One notable example of hyperpersonalization in fashion is Stitch Fix, a styling service that curates personalized clothing selections for customers based on their tastes and needs.

To achieve this level of personalization, Stitch Fix collects a wide variety of data from customers, including their sizes, style preferences, and lifestyle information. This data is gathered through pictures, social media profiles, surveys, and more. The company utilizes a discovery tool called “style shuffle” to help users indicate their preferred designers and styles.

Stitch Fix has also expanded its services beyond its core subscription model with the launch of Freestyle, a personalized shopping experience that allows anyone to buy items anytime without being a current subscriber. Freestyle offers customers a personalized online shopping feed with products curated based on their style profile, size, fit, and preferences.

The company then uses algorithms to analyze this data and pinpoint exactly what each customer is looking for in their clothing selections. However, Stitch Fix doesn’t rely solely on technology to curate personalized clothing boxes for its customers. The company employs a team of expert stylists who work alongside data scientists to ensure that the final selection of items in each box has a human touch. This combination of technology and human expertise allows Stitch Fix to offer a unique and personalized shopping experience that caters to individual preferences and needs.

One of the key aspects of Stitch Fix’s hyperpersonalization strategy is the incorporation of customer feedback into its model. After receiving their customized box of clothing, customers can decide which items they want to keep and provide specific feedback on each item through a follow-up survey. This feedback helps the company and its stylists improve future selections and maintain a high retention rate among customers.

By analyzing customer data and preferences, Stitch Fix can provide highly accurate, fashion-oriented recommendations that cater to each customer’s unique style.

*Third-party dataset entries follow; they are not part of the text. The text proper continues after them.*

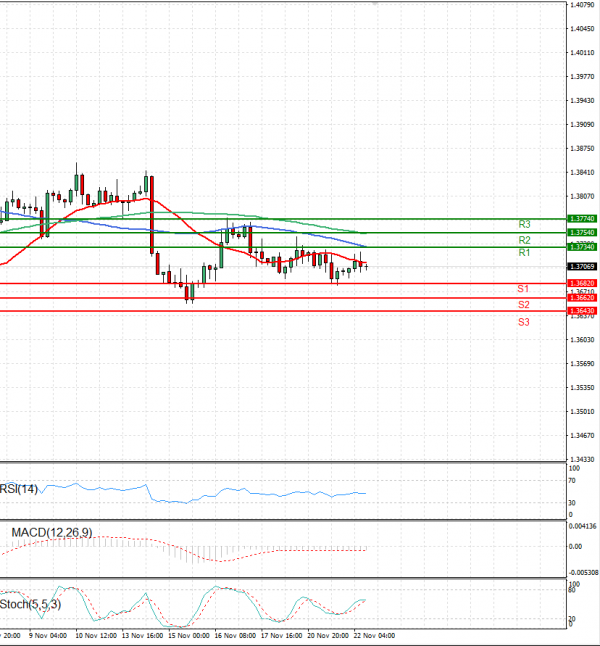 Dollar - Canadian Dollar Analysis Technical analysis 22/11/2023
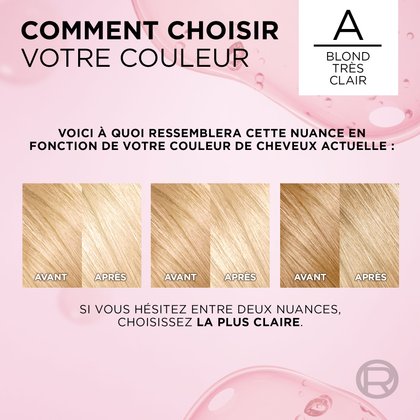 Blond Tres Clair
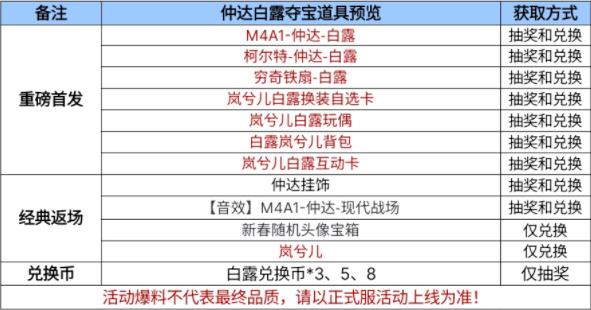 穿越火线手游白露兑换币可以兑换什么 穿越火线手游白露兑换币兑换奖励预览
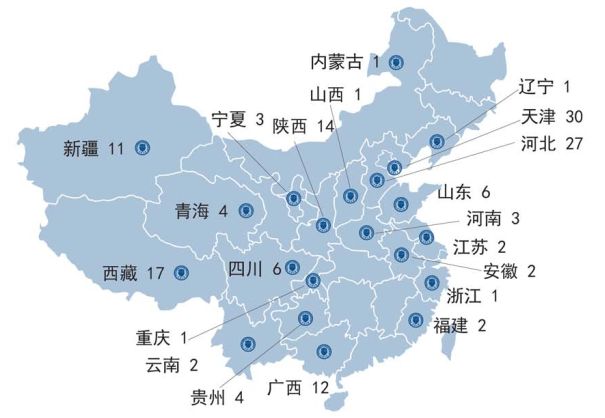 权威发布｜天津大学2017年度就业质量报告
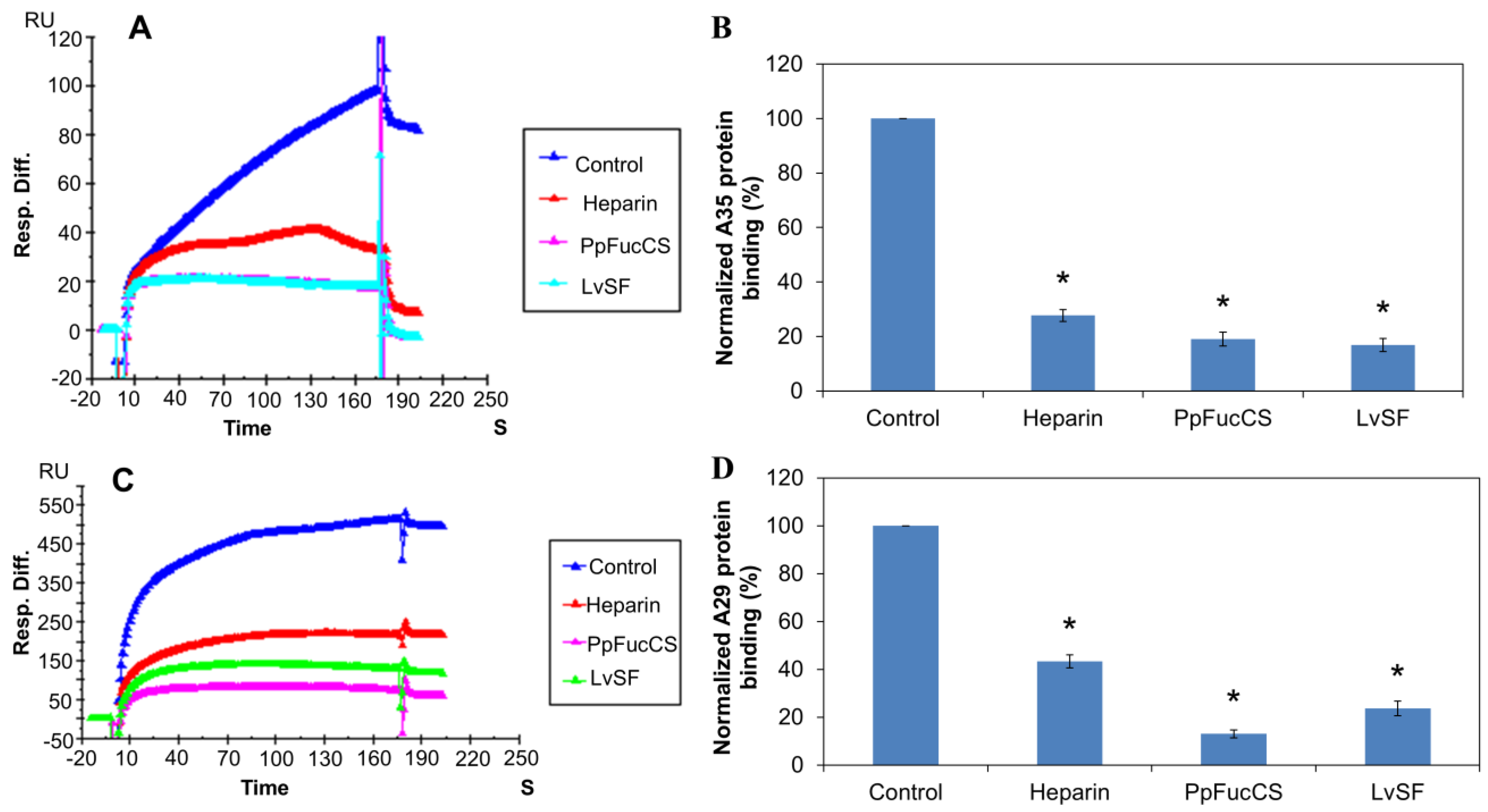 Marinedrugs 21 00264 g005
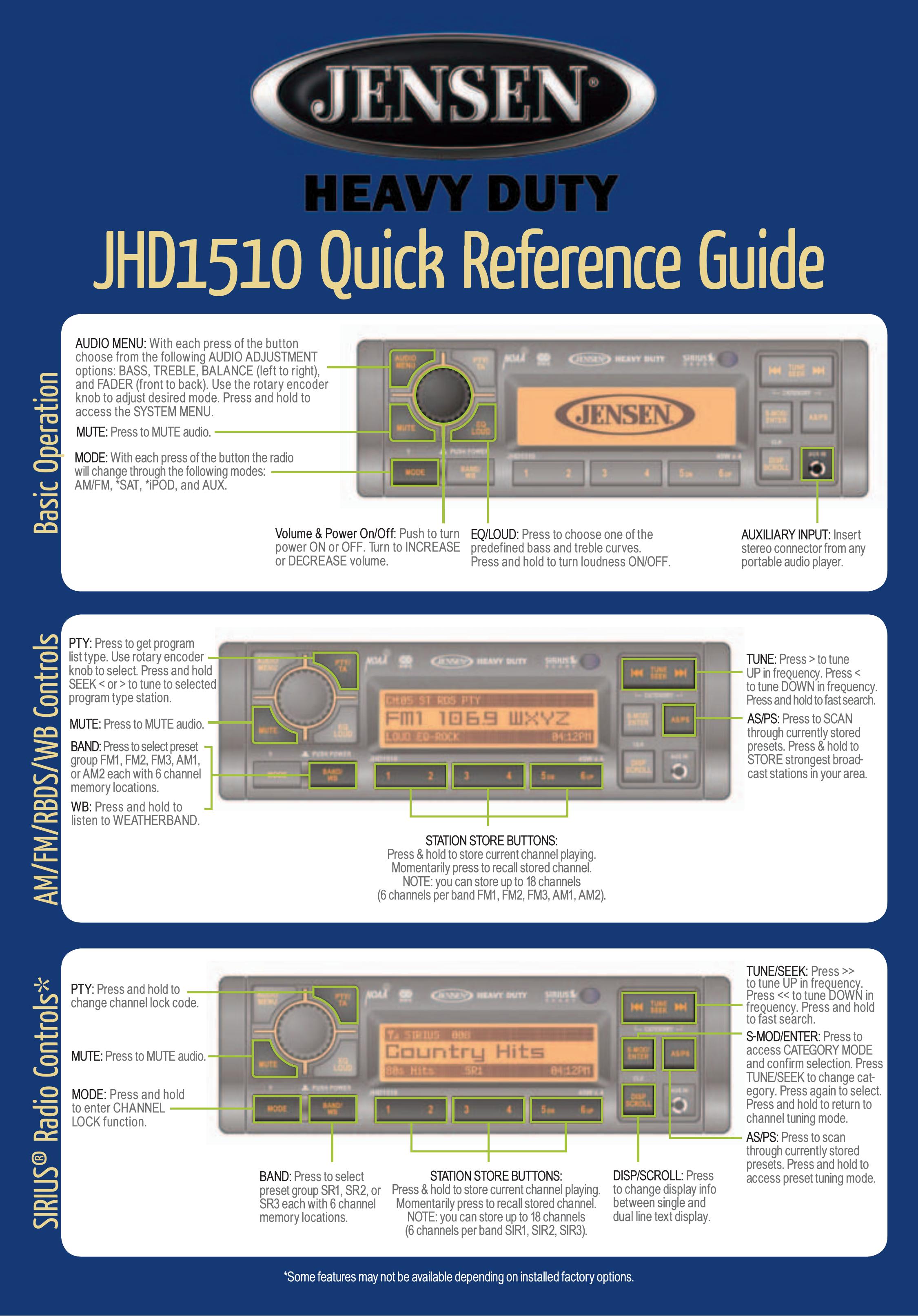 Jensen JHD1510 Weather Radio User Manual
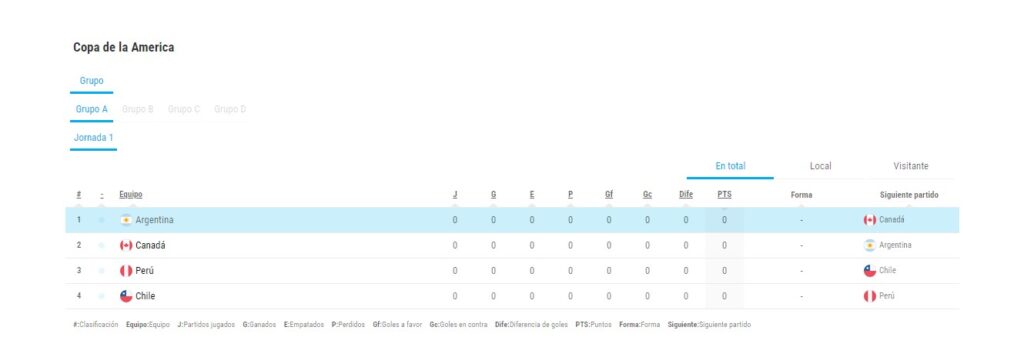 Clasificación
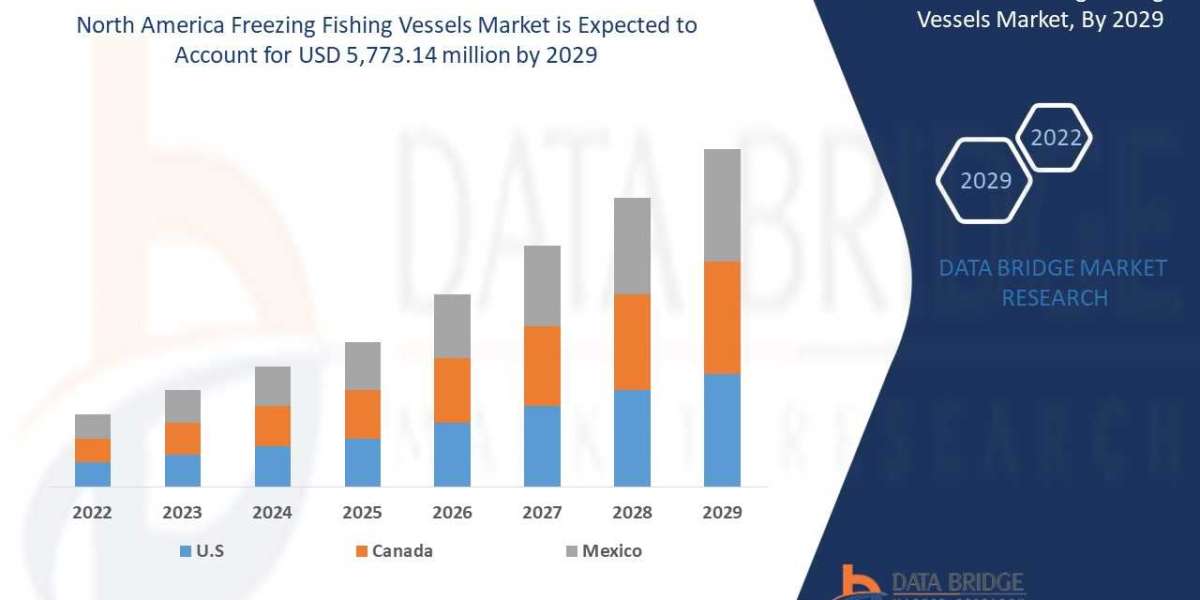 North America Freezing Fishing Vessels Market Future Scope and Growth Factors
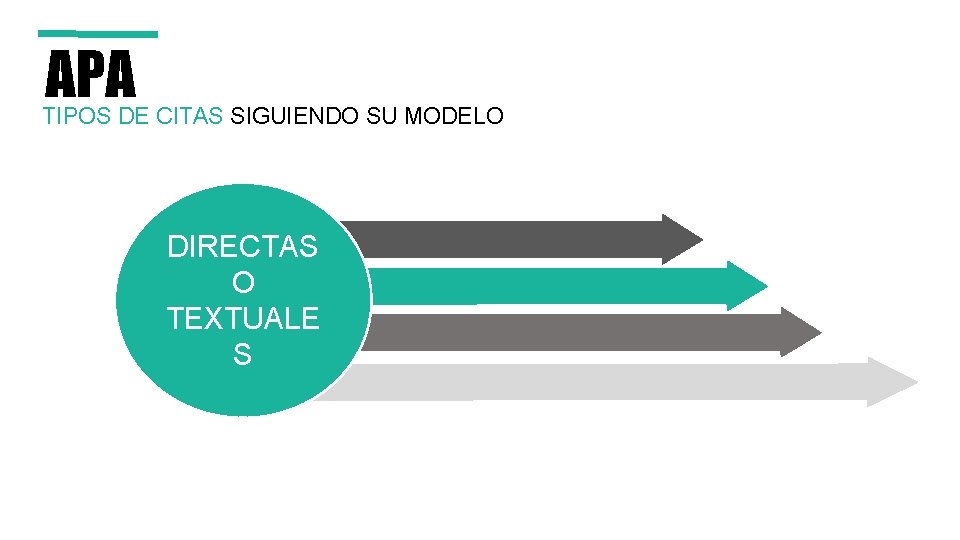 APA TIPOS DE CITAS SIGUIENDO SU MODELO DIRECTAS O TEXTUALE S APA TIPOS DE CITAS SIGUIENDO SU MODELO DIRECTAS O TEXTUALE S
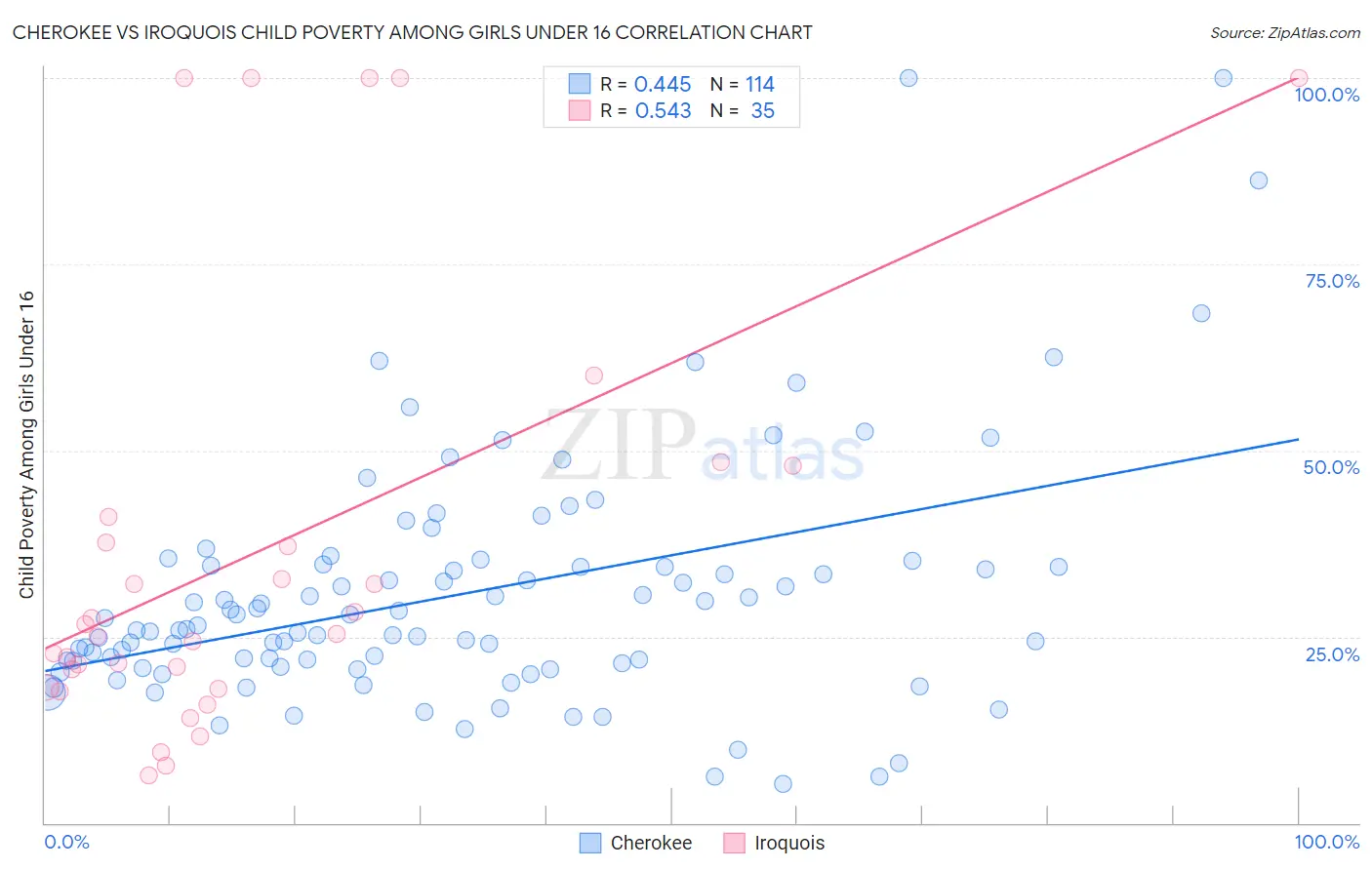 Cherokee vs Iroquois Child Poverty Among Girls Under 16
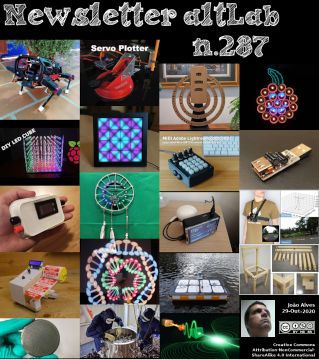 Newsletter Nº287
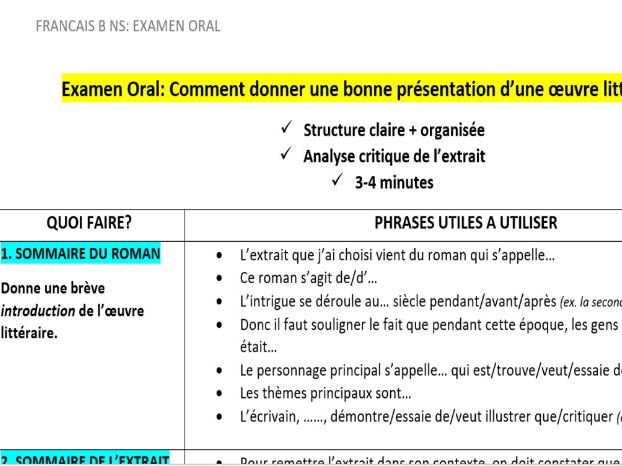 NEW ORAL EXAM FRENCH B HL: How to give a Presentation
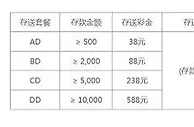八大胜真人视讯 百家乐存送588元+保底1,000元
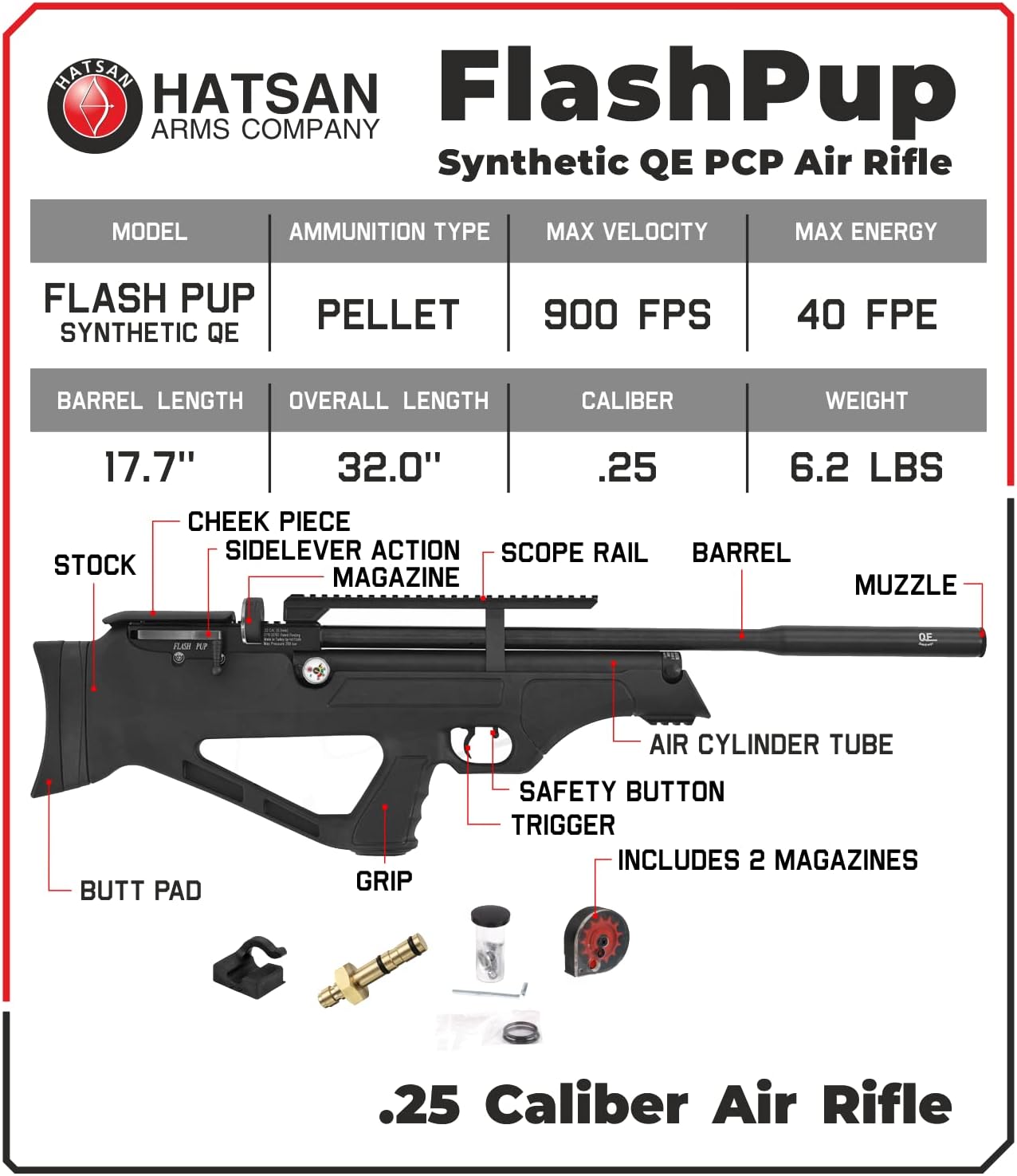 Hatsan FlashPup Synthetic QE PCP Air Rifle, .25 Caliber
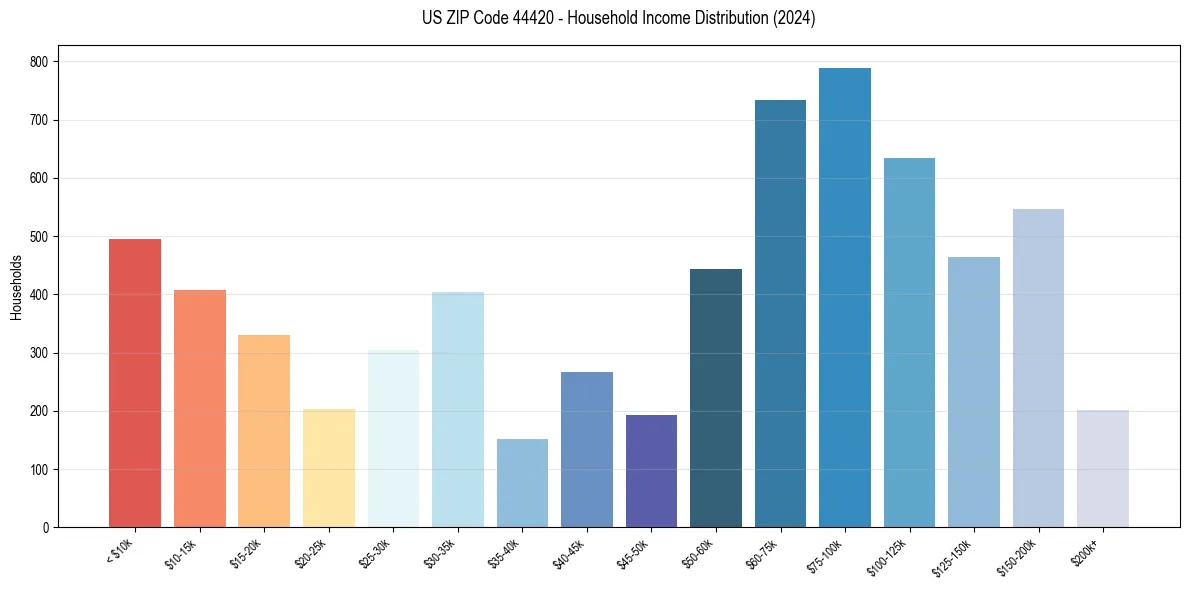 Income Distribution for 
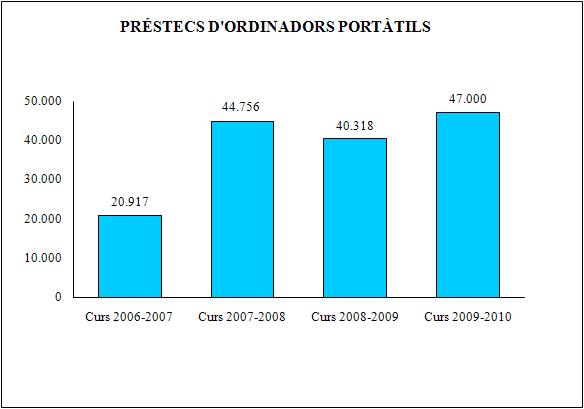 Préstecs d'ordinadors portàtils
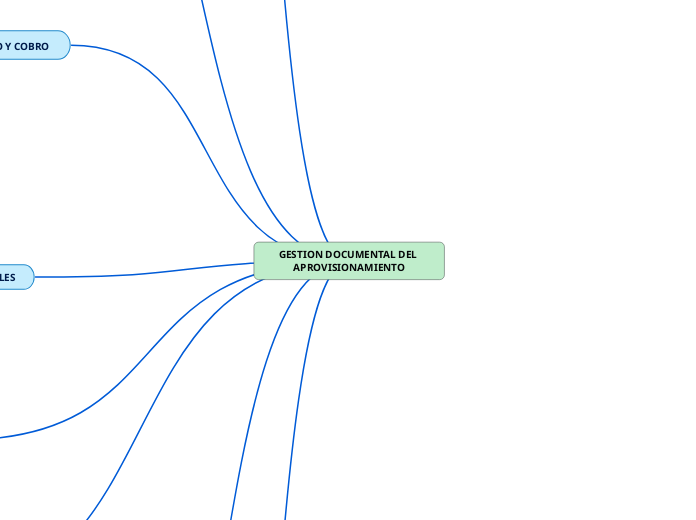 GESTION DOCUMENTAL DEL APROVISIONAMIENTO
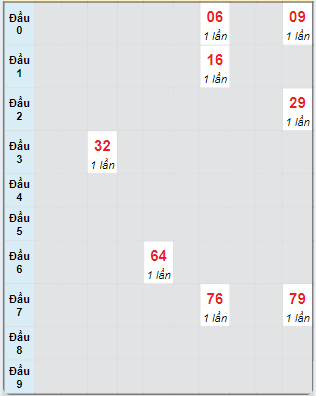 Bạch thủ rơi 3 ngày loto XSBDI 17/10/2024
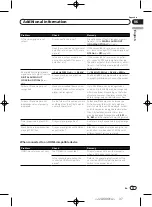 Preview for 37 page of Pioneer DV-420V-K Operating Instructions Manual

Adewunmi is a Canadian-owned beauty brand that invites visitors to their website to choose the natural ingredients best suited to their needs and skin type, which are then mixed to create customized skincare products. In addition to skincare products, the founder of Adewunmi is working on personalized skincare technology and robotics to bring to major retailers and brands worldwide.  The benefits of hyper-personalization in the beauty industry include helping customers make informed decisions based on their preferences, building loyalty through better engagement, and empowering individuals to take control of their own definition of beauty.

Final Thoughts

Some challenges that retailers may face when implementing hyperpersonalization include ensuring they do not store more information than necessary and disclosing when and how that information is used. However, overcoming these challenges is essential for businesses to provide the level of personalization that customers have come to expect.

In conclusion, hyperpersonalization is shaping the future of the retail industry by providing customers with a more customized and engaging shopping experience. As AI and machine learning technologies continue to advance, retailers must adapt and invest in hyperpersonalization strategies to stay competitive and meet the evolving demands of their customers. By doing so, businesses can expect to see increased customer loyalty, repeat purchases, and overall growth in the ever-changing retail landscape.